In process performance statistics with Redis

Every once in a while you need to do a sanity check of your code, how it performs and what you can do to improve it. This is most apparent with a code-base that is developed and refactored over a period of several years. There can be several problems that negatively impact performance due to dependency issues or legacy code that should have been removed but was forgotten during a refactoring sprint.

In effect, everybody is looking for low hanging fruit. Perhaps a slow performing SQL query, or just some processing which is taking O(P*N*M) due to sloppy code. The trick is to figure out where your code is wasting time. Sure, you can have profiled code with tools like xhprof, but the inherent verbosity can leave you with a mess of data which you'll never get around to analyze. I had gigabytes of profiler logs to prove it.

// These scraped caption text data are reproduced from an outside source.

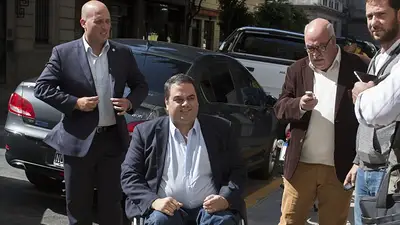 La increíble comparación de Andahazi para defender el decreto de Macri por el escándalo de Triaca La increíble comparación de Andahazi para defender el decreto de Macri por el escándalo de Triaca
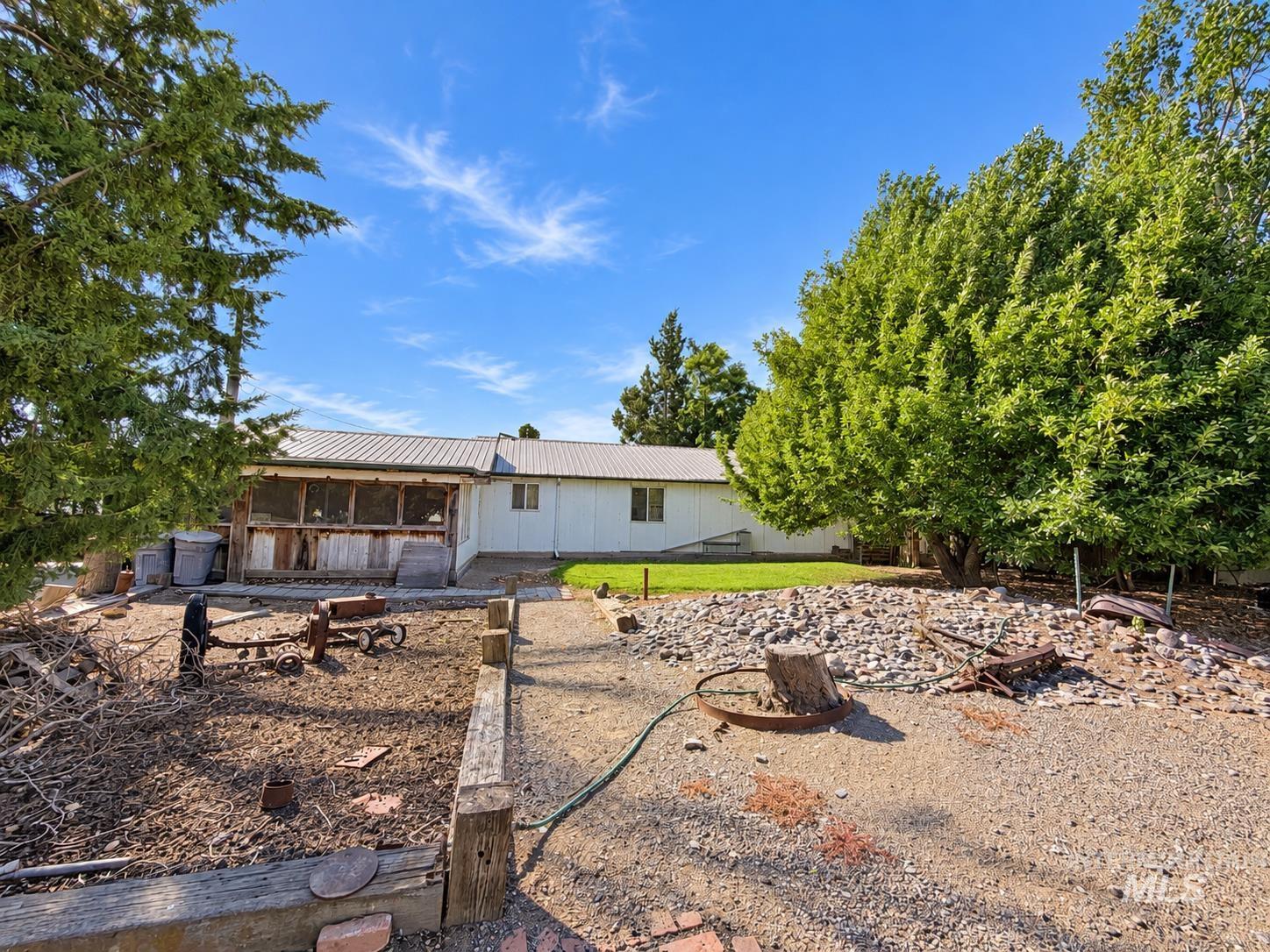 8124 Birmingham Rd, Melba, Idaho 83641, 3 Bedrooms, 2 Bathrooms, Residential For Sale, Price $349,900,MLS 99001294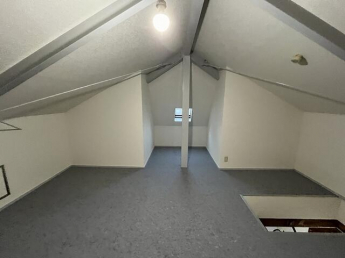 屋根裏収納
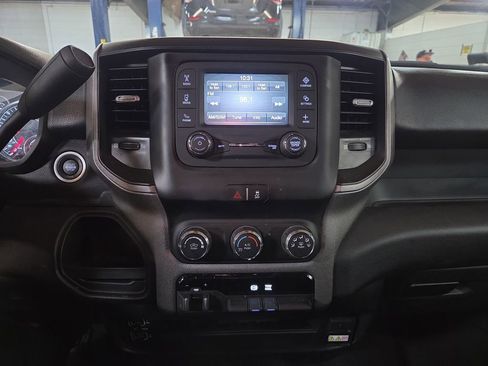 Certified 2024 RAM 3500 Tradesman w/ Chrome Appearance Group image 16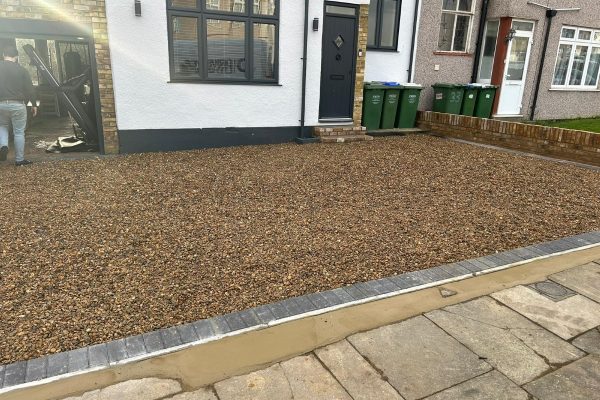 Gravel driveway in Cropredy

Lucky for me, I use check points in our own custom CMS software. Each time a specific core method or functionality is being used, a function gets called along with some descriptive argument. Think of it as assertions, except there's much less of them, up to about 30 per pageload, depending on the complexity of the page being loaded.

It took about 3 hours to write tooling to log this data into Redis. Or more specifically, since I am only interested in real-time data, I pushed each request and each check point call into a Redis channel (Pub/Sub). All that was left to do after that was write some tooling (colors, yay!) that listened to the data, processed it and tried to illustrate where the time was being spent. This was the final result.

As far as low hanging fruit goes, this was good enough to shave 40ms over all requests, due to some legacy code that was still being used. Basically we included a cache file with menu data, which wasn't even used for a majority of requests. And the same cache file was loaded explicitly later in the execution, when the data was actually being used. The change, even if slight, is visible on each cluster machine.

And even looking at the output above I can see some clear performance problems in the "firstpage blocks" section, between admin_menu_dao and mojsplet_dao. A whole 0.34 seconds are getting wasted there, which represents about 55% of total time. I know the firstpage is a complex module, but I also know this could be shaved down to about 0.2 sec total without goat sacrifices.

I'm guessing there's a lot of redundant processing and ineffective big-O calls in there, along with some recursion from what I remember. Either way, the affected code base in that area is perhaps 50-100kb, so it shouldn't be hard to track down the badly performing code and optimize it away. Not bad for 3 hours of work and about a pint of coffee.